5) I have become very concerned with things like fuel mileage and tire pressure—I don’t understand them, I’m just concerned over them.
6) When I see kids around during the daytime on Monday through Friday I wonder why the heck they aren’t in school. (I did this a few times over the summer too, forgetting my calendar does not sync with a school girl or boy’s, but it’s more since fall started that I’m sure they should all be inhaling chalk dust.) I’m sure all teenagers are skipping. I’m highly suspicious of young people…err, well, people younger than I am.
7) Whenever someone mentions something about the 24th of any given month, my resounding thought it that’s the day I have to pay my credit cards and student loans.
8) I might be too old for techno. The very family-friendly, workplace-perfect Top 40 (featuring Ryan Seacrest in the afternoons) radio station we play in my office has, for surely unknown reasons, has been playing little blocks of techno around 3:30. I keep yelling, “What IS this?” and trying to crawl under my desk. My high school bf played techno constantly, and it never bothered me. However, he also just recently turned 28, while he is always eternally 17 in my head. So there’s that.
9) I like buying work clothes now. Yikes. At department stores. Double yikes.

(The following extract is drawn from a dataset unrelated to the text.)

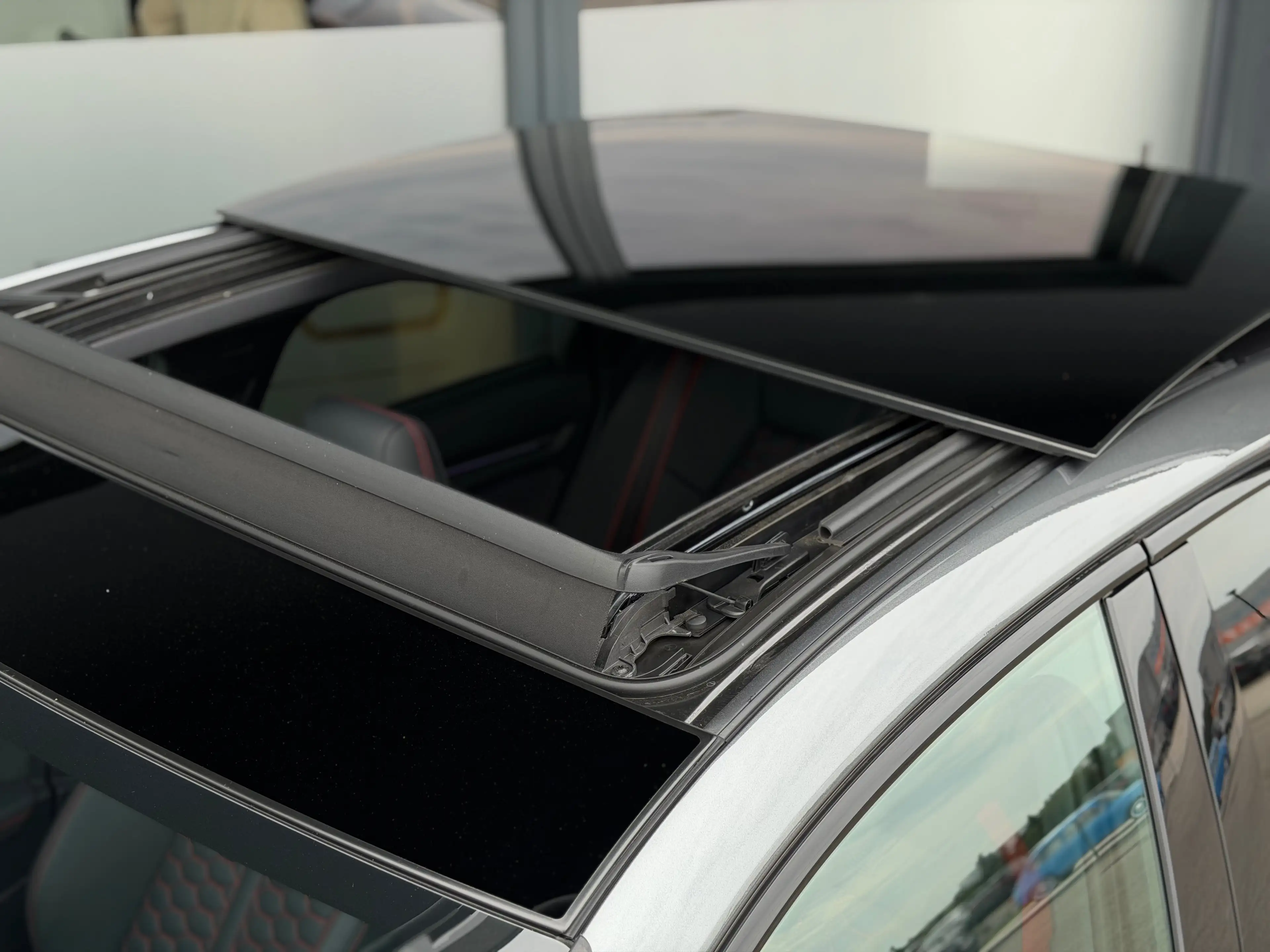 Audi A3 RS3 LIMOUSINE 2.5 TFSI QUATTRO S-TRONIC — photo 5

10) I’m giving in on things that once felt absolute. I guess there’s wriggle room. This probably stems from two very new ways I’m living my life—1: sometimes the expenditure of energy to fight in not worth being right; pick your battles, don’t argue with fools who don’t matter to you much anyway. 2: life is never going to be the way you had it on paper—sometimes it’s worse, more often it’s better.